#### Your task
Would you retype the whole listing verbatim, keeping pictures out of it?

#### Data provided
━━━━━━━━━━━━━━━━━━━━

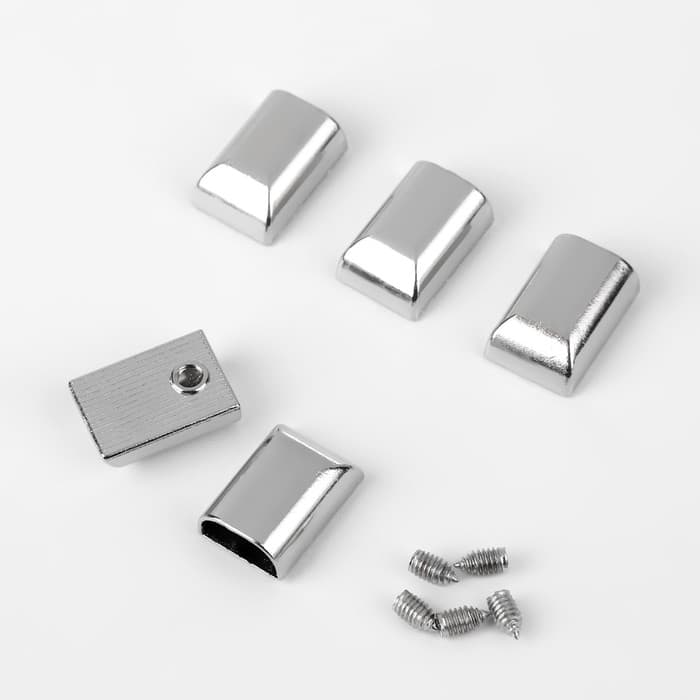 Наконечники для молний, 11 мм, 15×11×6 мм, 5 шт., цвет никель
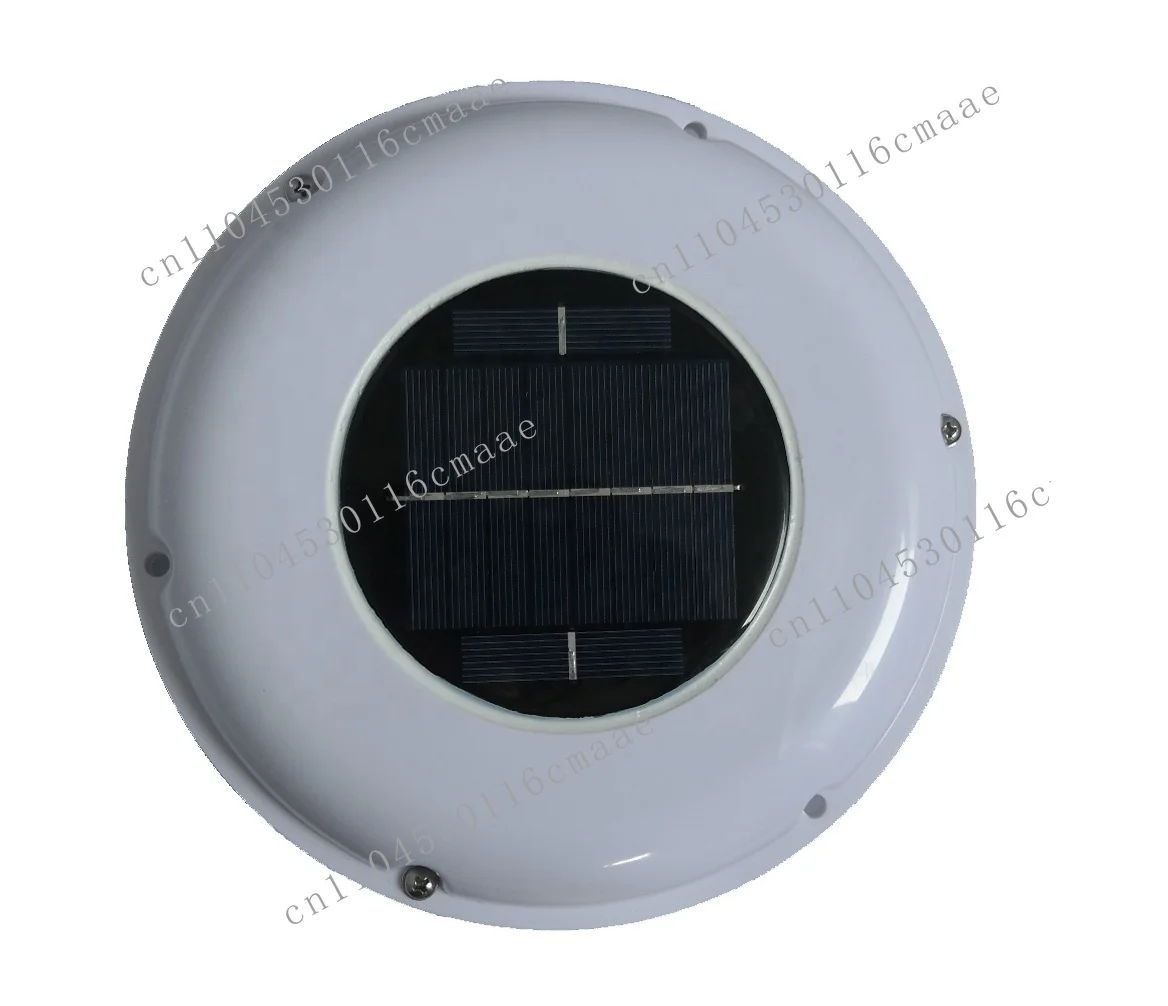 Solar ventilator automatic low starting voltage for caravans, boats, greenhouses, mobile toilets, bathrooms and pet houses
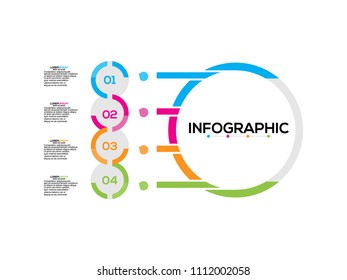 Presentation business infographic template. Vector illustration.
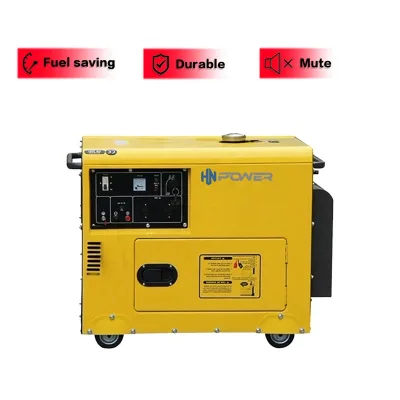 Weichai/Yuchai 6.2KVA AC 3-Phase Ultra-Silent Diesel Generator Home Use 230V/400V Frequency 50/60Hz 1500rpm"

━━━━━━━━━━━━━━━━━━━━

#### Result for this exercise
 Наконечники для молний, 11 мм, 15×11×6 мм, 5 шт., цвет никель
 Solar ventilator automatic low starting voltage for caravans, boats, greenhouses, mobile toilets, bathrooms and pet houses
 Presentation business infographic template. Vector illustration.
 Weichai/Yuchai 6.2KVA AC 3-Phase Ultra-Silent Diesel Generator Home Use 230V/400V Frequency 50/60Hz 1500rpm"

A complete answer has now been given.